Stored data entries
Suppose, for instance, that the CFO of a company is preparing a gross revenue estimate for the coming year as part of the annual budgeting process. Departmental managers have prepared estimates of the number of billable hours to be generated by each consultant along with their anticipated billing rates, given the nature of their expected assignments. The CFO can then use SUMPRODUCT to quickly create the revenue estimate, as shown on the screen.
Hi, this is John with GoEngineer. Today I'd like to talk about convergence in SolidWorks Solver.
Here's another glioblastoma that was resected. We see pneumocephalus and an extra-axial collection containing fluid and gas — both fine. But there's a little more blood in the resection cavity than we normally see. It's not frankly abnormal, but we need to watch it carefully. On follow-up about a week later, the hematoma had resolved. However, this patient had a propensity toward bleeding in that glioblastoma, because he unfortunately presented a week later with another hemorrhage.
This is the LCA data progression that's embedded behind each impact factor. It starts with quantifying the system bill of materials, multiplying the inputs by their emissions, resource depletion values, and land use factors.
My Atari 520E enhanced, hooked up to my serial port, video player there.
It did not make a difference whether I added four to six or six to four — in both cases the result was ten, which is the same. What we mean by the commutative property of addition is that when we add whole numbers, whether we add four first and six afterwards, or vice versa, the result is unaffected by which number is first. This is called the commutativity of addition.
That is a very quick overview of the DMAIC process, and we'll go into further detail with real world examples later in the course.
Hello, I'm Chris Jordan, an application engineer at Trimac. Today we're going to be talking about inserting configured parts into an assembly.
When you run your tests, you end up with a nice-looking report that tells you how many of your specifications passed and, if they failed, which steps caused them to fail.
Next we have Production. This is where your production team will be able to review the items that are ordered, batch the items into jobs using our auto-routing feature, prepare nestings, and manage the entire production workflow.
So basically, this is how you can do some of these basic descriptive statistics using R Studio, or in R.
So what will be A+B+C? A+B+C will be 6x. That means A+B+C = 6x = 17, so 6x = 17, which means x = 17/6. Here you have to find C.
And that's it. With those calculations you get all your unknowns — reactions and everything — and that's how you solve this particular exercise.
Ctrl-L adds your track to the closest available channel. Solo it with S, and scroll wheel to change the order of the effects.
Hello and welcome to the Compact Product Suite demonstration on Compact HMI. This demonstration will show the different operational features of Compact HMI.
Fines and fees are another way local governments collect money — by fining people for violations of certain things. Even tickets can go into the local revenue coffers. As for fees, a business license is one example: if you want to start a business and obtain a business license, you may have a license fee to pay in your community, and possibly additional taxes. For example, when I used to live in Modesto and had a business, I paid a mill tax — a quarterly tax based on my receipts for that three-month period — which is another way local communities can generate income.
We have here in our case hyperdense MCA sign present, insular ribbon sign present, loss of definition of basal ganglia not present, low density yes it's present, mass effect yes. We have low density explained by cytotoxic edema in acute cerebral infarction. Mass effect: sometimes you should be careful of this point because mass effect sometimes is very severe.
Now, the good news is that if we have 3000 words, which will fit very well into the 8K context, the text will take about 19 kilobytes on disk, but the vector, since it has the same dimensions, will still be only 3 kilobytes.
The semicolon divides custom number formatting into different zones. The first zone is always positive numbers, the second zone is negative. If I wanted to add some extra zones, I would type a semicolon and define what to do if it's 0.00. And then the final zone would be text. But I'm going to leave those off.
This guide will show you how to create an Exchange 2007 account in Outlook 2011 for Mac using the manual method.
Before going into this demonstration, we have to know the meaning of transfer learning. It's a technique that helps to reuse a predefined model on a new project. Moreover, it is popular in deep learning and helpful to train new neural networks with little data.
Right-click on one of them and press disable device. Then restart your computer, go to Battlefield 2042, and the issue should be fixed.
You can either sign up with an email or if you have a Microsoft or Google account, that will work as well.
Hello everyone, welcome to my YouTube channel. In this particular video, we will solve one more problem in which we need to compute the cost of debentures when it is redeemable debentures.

Task goal
Every line above that contains "welcome" counts once. Give the number of those lines and nothing more.

Response area
2